__Task__
For the entries below, report every line that includes the word "show".

__Data listing__
━━━━━━
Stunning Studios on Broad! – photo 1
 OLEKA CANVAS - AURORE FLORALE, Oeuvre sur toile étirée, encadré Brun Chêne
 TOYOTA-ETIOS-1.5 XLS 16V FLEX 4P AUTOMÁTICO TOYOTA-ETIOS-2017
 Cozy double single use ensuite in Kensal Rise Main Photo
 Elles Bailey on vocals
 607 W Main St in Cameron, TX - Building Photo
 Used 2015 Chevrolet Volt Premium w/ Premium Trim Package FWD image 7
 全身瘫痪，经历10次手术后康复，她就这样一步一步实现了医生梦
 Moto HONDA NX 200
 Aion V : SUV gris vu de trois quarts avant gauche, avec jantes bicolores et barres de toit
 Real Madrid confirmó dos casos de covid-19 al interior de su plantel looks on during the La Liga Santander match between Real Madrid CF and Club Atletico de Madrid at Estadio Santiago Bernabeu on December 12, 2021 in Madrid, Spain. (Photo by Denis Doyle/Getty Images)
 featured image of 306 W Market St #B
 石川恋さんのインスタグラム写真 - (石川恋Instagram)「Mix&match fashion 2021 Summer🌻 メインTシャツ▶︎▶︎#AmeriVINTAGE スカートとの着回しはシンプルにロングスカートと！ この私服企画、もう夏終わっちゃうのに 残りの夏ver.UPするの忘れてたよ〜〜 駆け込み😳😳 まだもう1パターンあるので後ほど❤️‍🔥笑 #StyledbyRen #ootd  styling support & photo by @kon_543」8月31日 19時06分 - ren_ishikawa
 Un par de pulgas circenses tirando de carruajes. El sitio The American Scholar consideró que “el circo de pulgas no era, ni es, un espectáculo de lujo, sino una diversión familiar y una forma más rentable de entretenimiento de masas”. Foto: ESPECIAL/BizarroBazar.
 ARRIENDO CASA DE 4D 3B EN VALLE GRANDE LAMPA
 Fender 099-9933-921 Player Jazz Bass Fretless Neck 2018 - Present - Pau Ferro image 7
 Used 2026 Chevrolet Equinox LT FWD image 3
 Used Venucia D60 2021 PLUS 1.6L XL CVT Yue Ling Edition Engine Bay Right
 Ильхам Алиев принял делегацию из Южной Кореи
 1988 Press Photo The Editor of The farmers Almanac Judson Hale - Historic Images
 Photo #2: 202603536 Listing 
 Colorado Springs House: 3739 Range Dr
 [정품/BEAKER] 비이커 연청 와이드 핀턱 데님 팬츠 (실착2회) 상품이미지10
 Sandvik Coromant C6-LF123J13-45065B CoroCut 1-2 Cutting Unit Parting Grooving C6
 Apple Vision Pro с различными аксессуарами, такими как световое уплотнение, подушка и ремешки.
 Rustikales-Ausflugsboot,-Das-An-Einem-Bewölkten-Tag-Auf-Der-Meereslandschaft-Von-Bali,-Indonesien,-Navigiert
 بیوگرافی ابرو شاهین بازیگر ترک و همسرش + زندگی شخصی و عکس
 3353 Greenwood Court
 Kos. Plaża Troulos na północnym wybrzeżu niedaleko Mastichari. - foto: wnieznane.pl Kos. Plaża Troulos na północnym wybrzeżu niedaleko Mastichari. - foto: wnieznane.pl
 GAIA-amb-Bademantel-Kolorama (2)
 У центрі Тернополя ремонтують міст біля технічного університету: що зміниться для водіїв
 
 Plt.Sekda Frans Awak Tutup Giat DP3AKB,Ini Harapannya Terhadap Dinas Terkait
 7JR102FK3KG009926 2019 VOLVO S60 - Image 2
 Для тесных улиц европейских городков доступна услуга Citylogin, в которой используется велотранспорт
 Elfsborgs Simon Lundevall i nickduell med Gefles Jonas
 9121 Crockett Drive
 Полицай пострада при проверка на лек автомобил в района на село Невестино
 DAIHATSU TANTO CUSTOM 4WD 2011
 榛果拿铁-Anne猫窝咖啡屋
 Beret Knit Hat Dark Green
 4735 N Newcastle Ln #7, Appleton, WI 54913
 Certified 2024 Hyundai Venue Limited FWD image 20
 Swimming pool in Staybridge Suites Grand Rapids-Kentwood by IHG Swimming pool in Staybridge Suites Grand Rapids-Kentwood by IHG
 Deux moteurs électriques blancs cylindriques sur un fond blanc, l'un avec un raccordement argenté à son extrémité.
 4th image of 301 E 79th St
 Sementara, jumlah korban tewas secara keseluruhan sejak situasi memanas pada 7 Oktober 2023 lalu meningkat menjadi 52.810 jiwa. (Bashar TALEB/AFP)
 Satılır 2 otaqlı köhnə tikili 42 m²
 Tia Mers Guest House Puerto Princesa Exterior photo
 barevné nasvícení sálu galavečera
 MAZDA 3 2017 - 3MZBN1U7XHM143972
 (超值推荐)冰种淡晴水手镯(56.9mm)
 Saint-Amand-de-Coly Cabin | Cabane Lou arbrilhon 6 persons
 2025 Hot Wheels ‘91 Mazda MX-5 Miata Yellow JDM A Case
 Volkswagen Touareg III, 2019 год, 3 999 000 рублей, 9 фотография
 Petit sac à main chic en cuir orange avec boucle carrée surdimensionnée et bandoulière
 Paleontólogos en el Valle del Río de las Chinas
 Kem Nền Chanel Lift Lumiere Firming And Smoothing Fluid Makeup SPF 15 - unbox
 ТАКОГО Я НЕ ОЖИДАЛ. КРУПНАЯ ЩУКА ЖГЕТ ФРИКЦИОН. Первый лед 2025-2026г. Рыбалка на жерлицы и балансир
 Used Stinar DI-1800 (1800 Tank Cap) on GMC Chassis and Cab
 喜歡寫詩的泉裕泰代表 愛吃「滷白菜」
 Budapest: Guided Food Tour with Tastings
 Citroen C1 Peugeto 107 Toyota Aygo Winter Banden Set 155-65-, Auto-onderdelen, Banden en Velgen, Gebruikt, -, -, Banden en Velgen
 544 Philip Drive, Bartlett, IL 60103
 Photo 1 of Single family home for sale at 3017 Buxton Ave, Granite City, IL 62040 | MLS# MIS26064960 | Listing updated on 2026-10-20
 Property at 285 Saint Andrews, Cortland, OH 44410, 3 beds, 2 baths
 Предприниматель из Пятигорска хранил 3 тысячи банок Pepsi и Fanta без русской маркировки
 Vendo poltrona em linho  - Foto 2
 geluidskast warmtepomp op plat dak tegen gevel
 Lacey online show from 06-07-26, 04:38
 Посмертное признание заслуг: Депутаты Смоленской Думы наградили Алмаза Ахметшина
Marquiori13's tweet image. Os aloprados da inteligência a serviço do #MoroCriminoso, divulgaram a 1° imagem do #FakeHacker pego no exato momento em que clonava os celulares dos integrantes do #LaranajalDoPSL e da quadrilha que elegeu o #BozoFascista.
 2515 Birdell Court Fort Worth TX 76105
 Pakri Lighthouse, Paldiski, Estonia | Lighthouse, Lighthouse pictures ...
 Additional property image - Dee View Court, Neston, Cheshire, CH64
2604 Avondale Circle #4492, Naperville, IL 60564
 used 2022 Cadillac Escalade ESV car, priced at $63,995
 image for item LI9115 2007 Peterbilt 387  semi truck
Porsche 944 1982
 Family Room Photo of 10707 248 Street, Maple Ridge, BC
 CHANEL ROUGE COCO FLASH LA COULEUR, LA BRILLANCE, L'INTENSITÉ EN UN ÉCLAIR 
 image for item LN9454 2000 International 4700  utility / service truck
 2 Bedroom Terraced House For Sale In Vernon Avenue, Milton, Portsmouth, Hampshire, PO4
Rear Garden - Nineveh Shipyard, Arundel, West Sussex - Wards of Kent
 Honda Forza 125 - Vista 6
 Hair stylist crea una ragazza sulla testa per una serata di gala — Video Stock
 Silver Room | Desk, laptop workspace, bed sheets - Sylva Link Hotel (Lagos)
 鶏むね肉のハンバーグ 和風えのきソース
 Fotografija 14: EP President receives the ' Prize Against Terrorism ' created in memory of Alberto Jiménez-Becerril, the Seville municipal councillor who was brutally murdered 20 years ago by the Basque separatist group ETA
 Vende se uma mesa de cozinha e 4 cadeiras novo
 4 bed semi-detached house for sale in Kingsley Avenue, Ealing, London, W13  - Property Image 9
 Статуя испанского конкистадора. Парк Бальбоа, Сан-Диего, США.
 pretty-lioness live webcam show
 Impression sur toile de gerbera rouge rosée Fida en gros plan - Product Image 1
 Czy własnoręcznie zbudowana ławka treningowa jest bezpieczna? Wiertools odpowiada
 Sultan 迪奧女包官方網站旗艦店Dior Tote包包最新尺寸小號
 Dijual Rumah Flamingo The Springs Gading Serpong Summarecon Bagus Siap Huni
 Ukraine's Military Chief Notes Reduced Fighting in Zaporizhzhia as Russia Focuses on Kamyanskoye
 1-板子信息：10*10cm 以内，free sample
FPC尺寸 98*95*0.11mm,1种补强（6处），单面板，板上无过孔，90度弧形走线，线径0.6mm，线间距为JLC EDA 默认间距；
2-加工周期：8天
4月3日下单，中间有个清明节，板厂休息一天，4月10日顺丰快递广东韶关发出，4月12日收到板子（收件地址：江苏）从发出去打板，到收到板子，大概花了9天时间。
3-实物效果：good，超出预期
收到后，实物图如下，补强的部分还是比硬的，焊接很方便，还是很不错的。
━━━━━━
__Result__
 Lacey online show from 06-07-26, 04:38
 pretty-lioness live webcam show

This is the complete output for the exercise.